- **INSTRUCTIONS TO FOLLOW**:
Go to the line that contains "For sale 3 bedrooms", then write out that line and all that follow to the end of the listing, exactly and without pictures.

-- EXTRACTED INFORMATION follows --

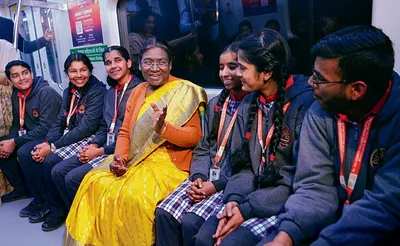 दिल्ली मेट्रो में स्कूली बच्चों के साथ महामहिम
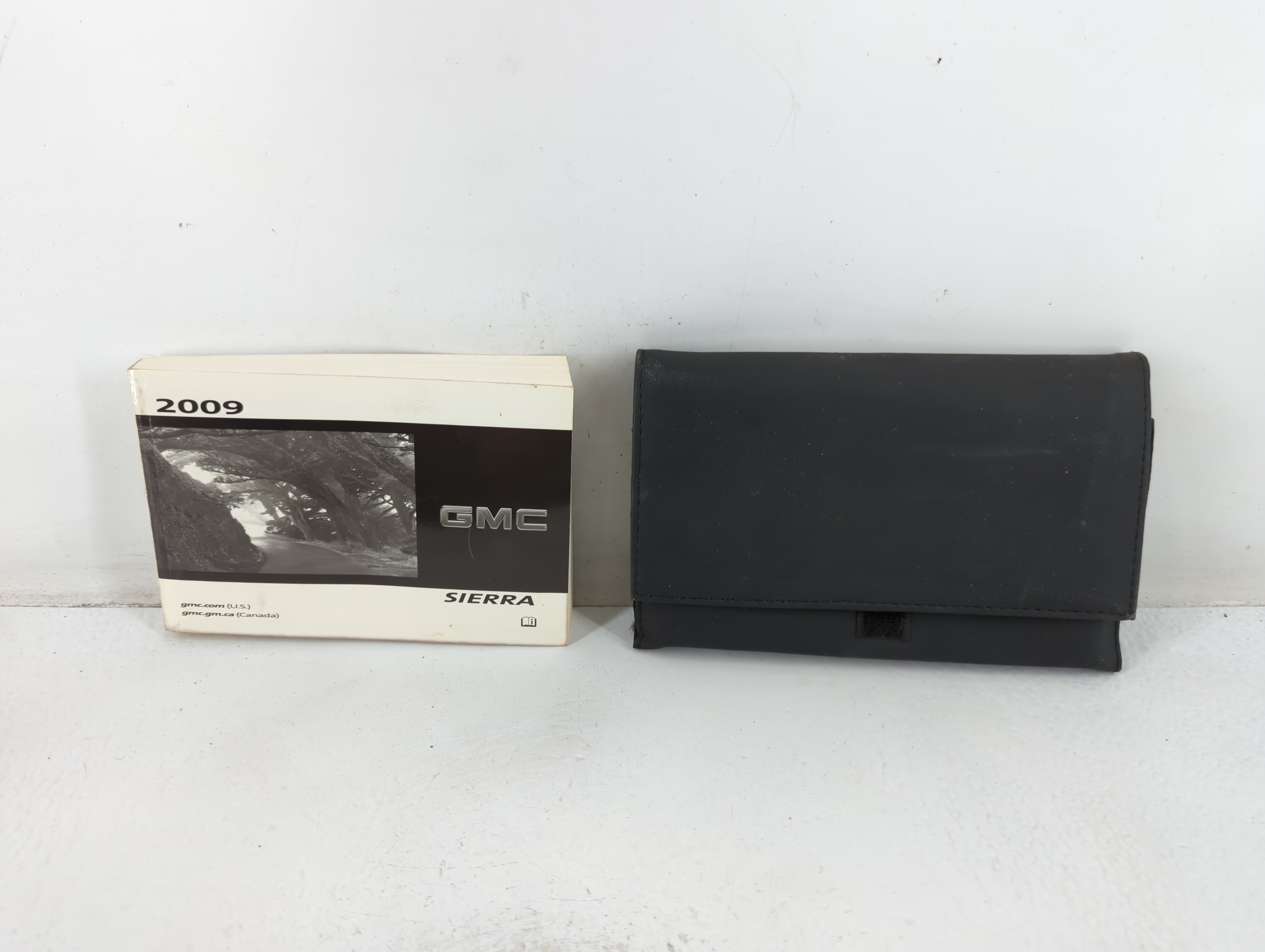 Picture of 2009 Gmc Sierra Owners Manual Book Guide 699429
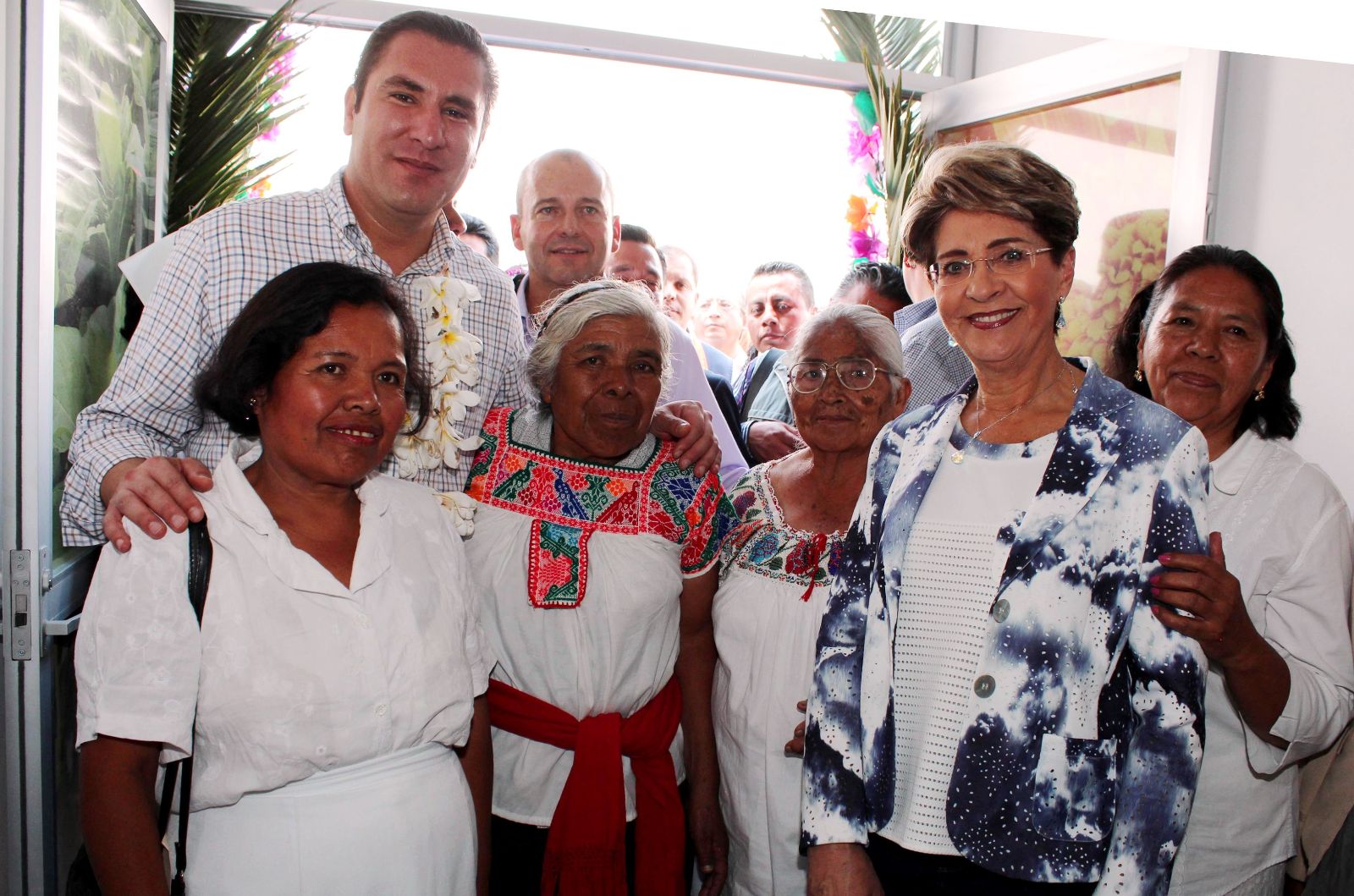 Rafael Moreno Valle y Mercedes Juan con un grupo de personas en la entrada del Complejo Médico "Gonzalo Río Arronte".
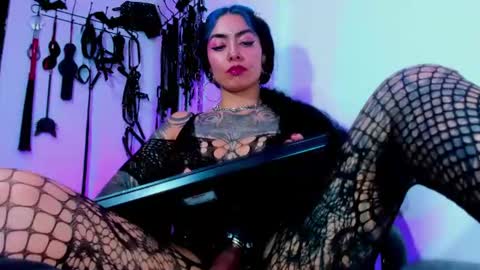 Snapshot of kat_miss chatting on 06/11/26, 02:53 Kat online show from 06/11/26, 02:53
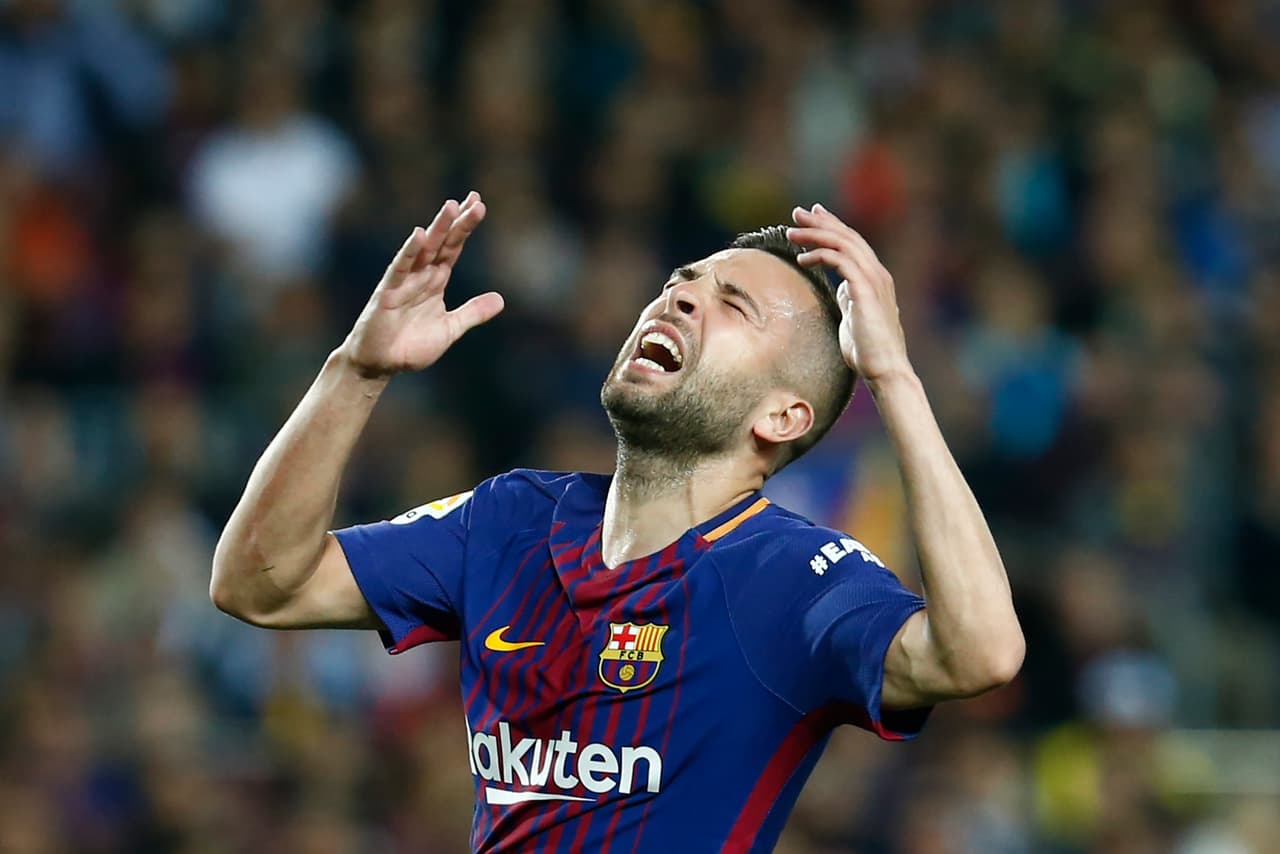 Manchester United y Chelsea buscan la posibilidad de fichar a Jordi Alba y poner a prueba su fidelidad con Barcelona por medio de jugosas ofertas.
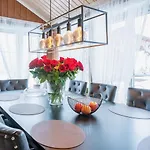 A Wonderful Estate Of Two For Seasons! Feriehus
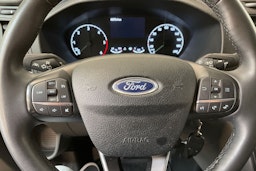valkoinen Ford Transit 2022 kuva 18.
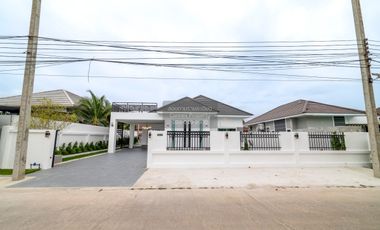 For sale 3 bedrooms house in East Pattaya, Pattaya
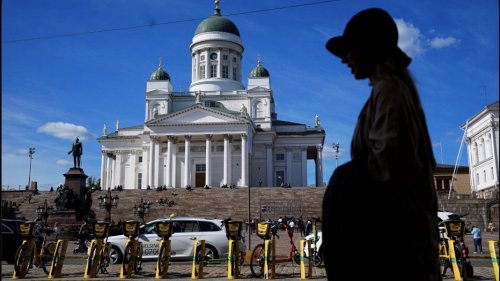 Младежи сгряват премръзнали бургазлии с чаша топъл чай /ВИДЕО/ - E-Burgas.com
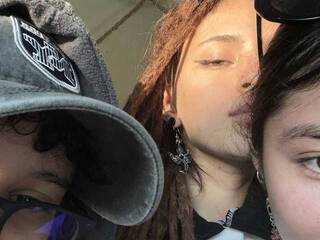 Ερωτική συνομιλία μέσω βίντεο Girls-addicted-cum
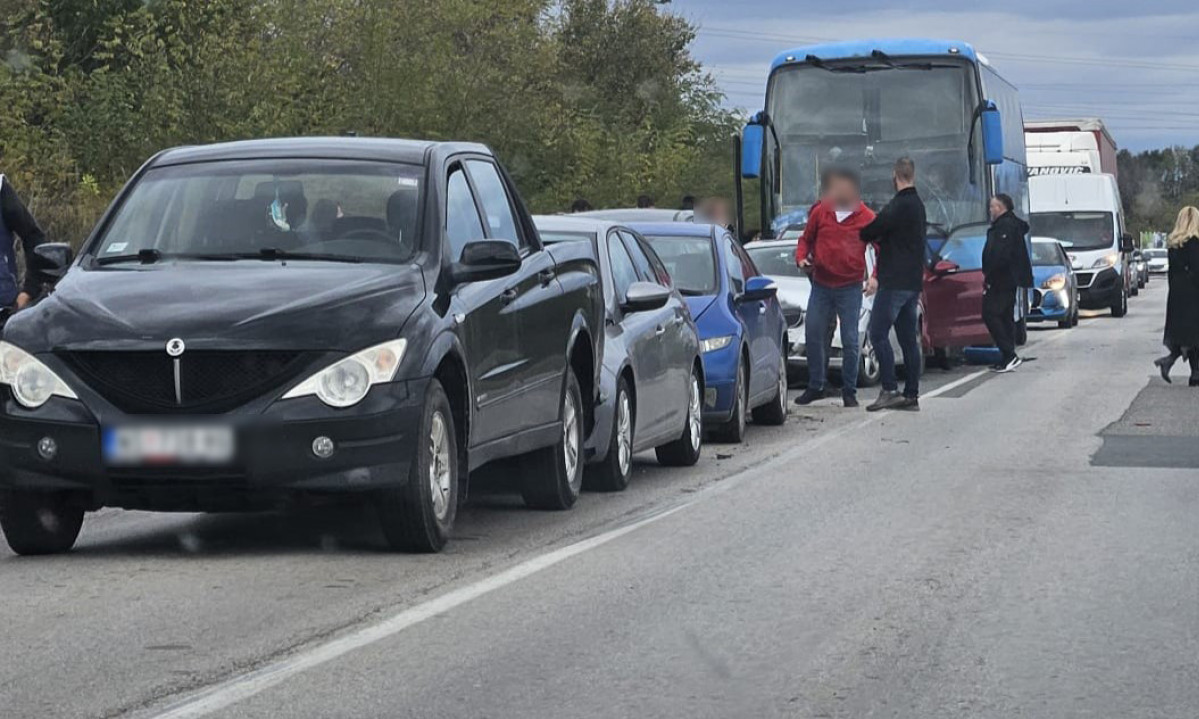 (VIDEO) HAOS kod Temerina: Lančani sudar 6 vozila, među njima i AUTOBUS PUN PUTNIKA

-- EXTRACTED INFORMATION concluded --

- **RESPONSE AREA**:
 For sale 3 bedrooms house in East Pattaya, Pattaya
 Младежи сгряват премръзнали бургазлии с чаша топъл чай /ВИДЕО/ - E-Burgas.com
 Ερωτική συνομιλία μέσω βίντεο Girls-addicted-cum
 (VIDEO) HAOS kod Temerina: Lančani sudar 6 vozila, među njima i AUTOBUS PUN PUTNIKA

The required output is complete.